The piece that caught my attention was the wall mural, Buildings = Guns = People: Desire, Knowledge, and Hope (with Smog). I noticed that the word “Hope” in the title corresponded to a giant print of a blue rose. After checking out the mural for awhile, I moved on to the other sections of the exhibit which included other paintings of Baldessari. He had a handful of really conceptual paintings, as well as some that were purely text against blank canvas. I found humor in his cynicism and view on modern art, and as an influential contemporary artist, I think he’d be good a good choice to look up.
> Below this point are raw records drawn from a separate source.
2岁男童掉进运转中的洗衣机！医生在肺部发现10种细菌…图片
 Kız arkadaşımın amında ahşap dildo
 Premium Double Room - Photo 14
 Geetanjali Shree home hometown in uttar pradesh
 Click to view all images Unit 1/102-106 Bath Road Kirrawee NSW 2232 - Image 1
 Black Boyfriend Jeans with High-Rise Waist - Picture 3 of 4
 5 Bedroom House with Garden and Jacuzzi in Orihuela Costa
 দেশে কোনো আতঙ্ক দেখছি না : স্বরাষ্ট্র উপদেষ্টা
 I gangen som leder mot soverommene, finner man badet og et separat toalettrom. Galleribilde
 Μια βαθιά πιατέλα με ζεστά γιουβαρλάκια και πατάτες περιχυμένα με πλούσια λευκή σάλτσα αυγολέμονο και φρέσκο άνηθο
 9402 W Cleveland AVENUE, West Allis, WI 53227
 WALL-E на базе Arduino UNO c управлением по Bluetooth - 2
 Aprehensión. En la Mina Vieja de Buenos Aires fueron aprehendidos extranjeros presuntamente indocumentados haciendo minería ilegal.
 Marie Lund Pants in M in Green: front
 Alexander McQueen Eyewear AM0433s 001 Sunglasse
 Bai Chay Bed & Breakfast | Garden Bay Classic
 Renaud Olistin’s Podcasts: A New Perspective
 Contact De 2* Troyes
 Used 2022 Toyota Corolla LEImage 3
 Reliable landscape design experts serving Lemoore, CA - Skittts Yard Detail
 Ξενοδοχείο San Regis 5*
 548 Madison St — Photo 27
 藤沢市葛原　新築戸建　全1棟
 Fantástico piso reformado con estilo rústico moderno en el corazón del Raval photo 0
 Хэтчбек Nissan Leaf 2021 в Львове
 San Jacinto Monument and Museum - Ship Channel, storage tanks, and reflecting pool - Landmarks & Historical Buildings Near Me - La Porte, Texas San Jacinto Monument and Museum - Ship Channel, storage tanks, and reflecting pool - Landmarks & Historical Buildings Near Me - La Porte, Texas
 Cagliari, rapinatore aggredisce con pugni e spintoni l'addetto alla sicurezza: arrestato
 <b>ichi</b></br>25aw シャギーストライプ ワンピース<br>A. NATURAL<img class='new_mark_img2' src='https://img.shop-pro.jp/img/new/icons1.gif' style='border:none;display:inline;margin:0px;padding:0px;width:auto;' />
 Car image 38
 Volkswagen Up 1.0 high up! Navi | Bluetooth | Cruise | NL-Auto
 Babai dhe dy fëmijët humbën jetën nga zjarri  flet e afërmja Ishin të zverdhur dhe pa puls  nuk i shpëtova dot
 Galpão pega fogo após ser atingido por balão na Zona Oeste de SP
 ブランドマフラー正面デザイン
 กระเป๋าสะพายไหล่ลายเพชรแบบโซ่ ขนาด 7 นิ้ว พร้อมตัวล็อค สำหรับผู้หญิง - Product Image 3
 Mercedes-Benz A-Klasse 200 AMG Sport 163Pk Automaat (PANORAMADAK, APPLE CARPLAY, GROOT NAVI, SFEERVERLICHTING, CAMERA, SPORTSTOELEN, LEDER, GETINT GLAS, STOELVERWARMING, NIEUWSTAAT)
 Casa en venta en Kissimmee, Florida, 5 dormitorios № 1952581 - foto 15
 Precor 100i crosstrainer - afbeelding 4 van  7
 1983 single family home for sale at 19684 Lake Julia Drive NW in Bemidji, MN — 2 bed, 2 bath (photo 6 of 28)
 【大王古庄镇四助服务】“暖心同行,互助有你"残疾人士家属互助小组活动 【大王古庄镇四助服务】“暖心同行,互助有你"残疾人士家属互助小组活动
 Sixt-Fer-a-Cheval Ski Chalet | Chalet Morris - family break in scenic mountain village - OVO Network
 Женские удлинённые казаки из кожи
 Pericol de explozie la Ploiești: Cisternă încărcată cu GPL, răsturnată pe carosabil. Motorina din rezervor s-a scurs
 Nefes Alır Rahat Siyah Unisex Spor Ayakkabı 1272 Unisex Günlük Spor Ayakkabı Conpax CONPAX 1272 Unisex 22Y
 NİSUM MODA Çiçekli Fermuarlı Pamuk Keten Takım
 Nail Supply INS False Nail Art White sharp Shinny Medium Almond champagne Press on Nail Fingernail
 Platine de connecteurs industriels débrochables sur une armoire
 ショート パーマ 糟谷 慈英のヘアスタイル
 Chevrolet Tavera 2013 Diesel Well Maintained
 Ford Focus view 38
Frankenthaler’s work reminded me vaguely of Jean-Michel Basquiat’s, so of course I had to do more research after seeing her work at the LACMA. Her abstract works had a certain graffiti style to them (akin to Twombly’s and Basquiat’s, in some ways), and it’s interesting to see how that they compare to her earlier more color-field style. I feel as if her style is easier to read and understand than Baldessari’s work, maybe because of the easy juxtaposition of the elements in her paintings. Either way, I definitely found her work to be interesting to observe.
Overall, I definitely found the Broad Contemporary Art Museum at the LACMA to be worth going to. It’s not overwhelmingly large, nor is it too extensive (it mostly focuses on a few influential artists) but still, it’s been awhile since I’ve museum hopped, so it was nicely portioned cut of my day.